● Work required
Required from the data below: the exact lines starting at the line containing "First, what is" and ending at the line containing "You can see the TextView", with both ends kept and all pictures dropped.

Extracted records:
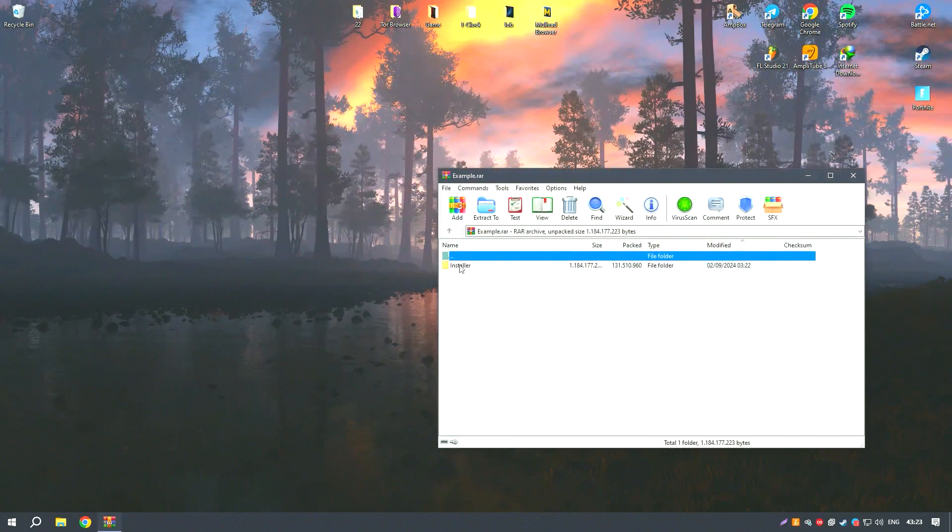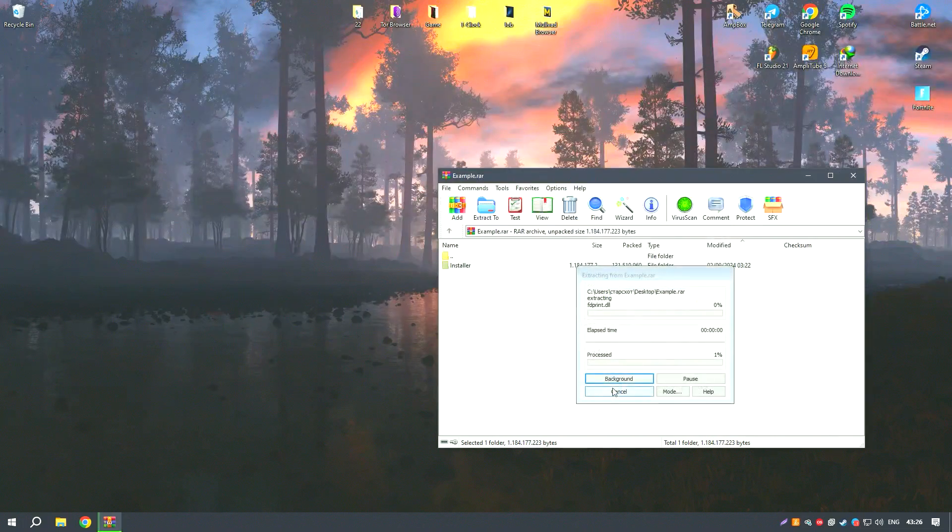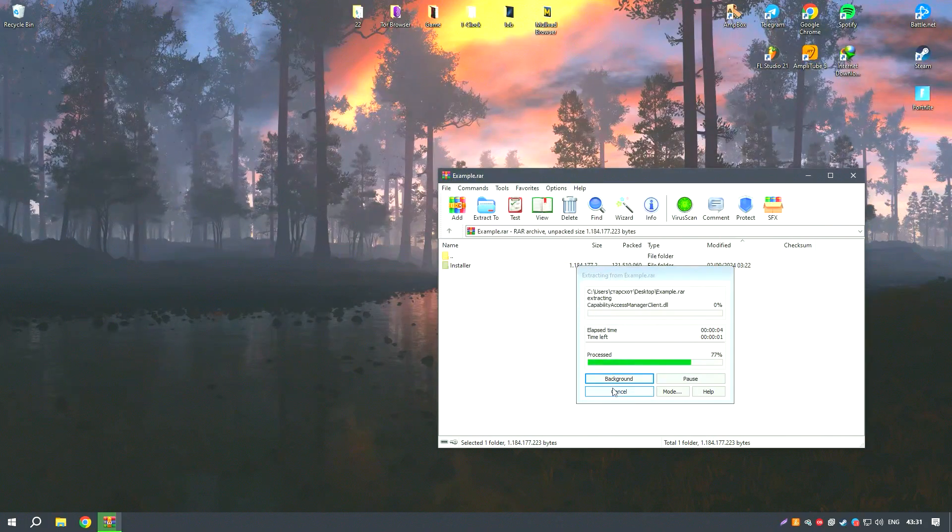Overall, Bandicam is a powerful and reliable screen recorder that delivers excellent performance for both general screen recording and gaming.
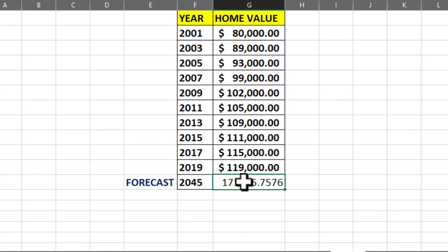So this is how you can use the FORECAST function to make an educated guess of the property value or money in your bank account. I hope you found this short tutorial useful. Thanks for watching.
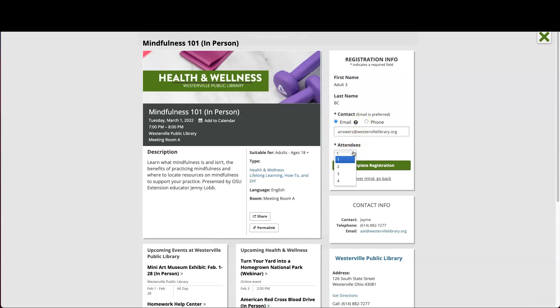Pick how many people will be attending from the drop-down and then click Complete Registration.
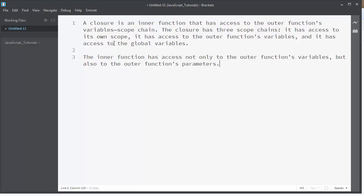First, what is a closure? A closure is an inner function that has access to the outer function's variables scope chain. The closure has three scope chains.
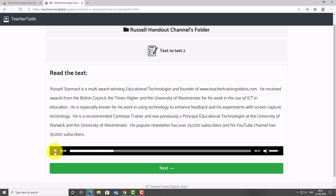Let's check the quality of the audio: 'Russell Stannard is a multi-award-winning educational technologist and founder of www.teachertrainingvideos.com. He received awards from...' It's even got an Australian accent! What a great technology — the voice quality is excellent and you get all those different voices.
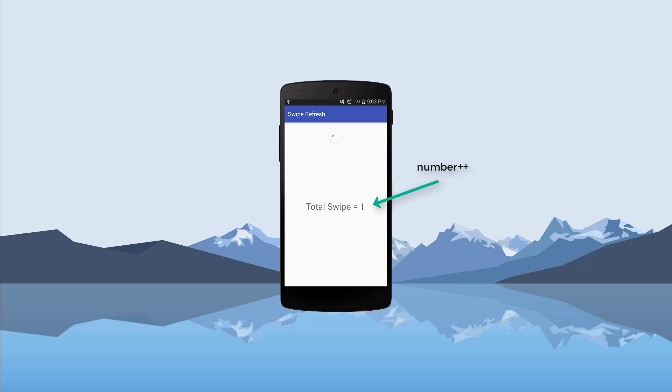You can see the TextView has been updated. Now we have total swipe equal to one. After three seconds, it automatically stopped the refreshing. When I swipe again, you can see the total number becomes two and it stops.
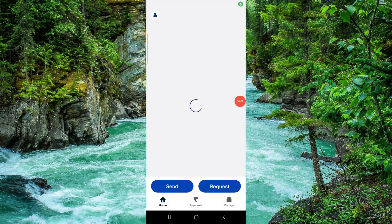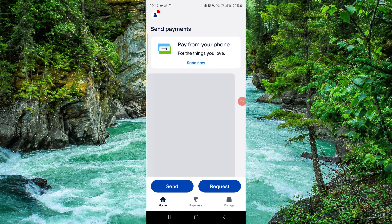Welcome back to my channel. In today's video, I will show you how to transfer money from PayPal to Fidelity. To transfer the money, you have to follow these easy steps.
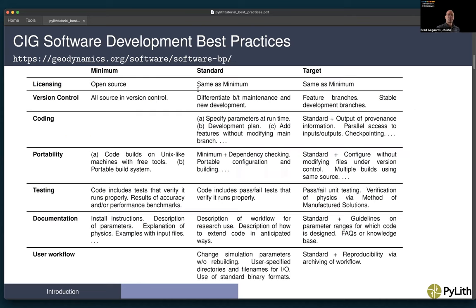The software development best practices cover a wide variety of issues, including version control, coding style, portability, testing, documentation, and user workflow. For licensing, the code must be open source with an open source license. For version control, at a minimum, all source code must be under version control, generally using a Git repository.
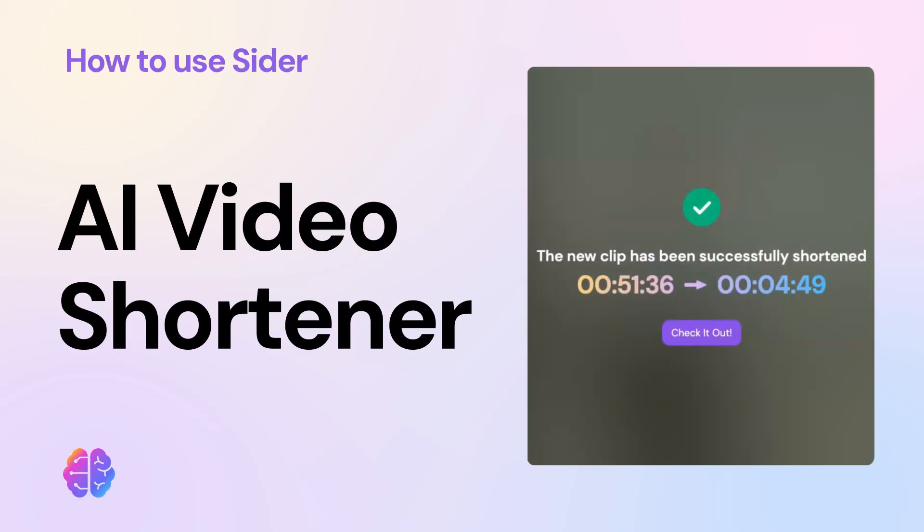CIDR's Video Shortener feature can help you compress hours-long YouTube videos into just a few minutes, allowing you to quickly grasp the key points of the video, save your viewing time, and improve watching efficiency.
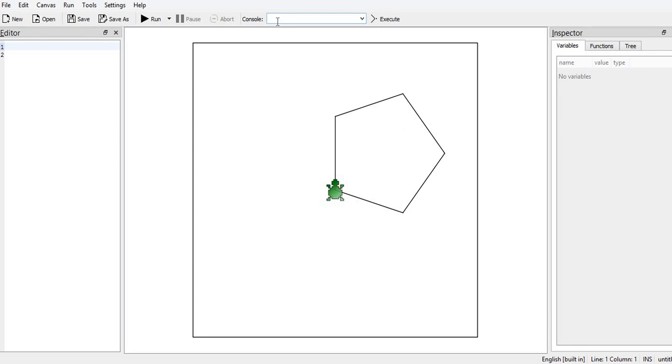Now this pentagon we have drawn with the size 100. Turtle step sizes here, fw we have taken 100.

● Written solution
First, what is a closure? A closure is an inner function that has access to the outer function's variables scope chain. The closure has three scope chains.
Let's check the quality of the audio: 'Russell Stannard is a multi-award-winning educational technologist and founder of www.teachertrainingvideos.com. He received awards from...' It's even got an Australian accent! What a great technology — the voice quality is excellent and you get all those different voices.
You can see the TextView has been updated. Now we have total swipe equal to one. After three seconds, it automatically stopped the refreshing. When I swipe again, you can see the total number becomes two and it stops.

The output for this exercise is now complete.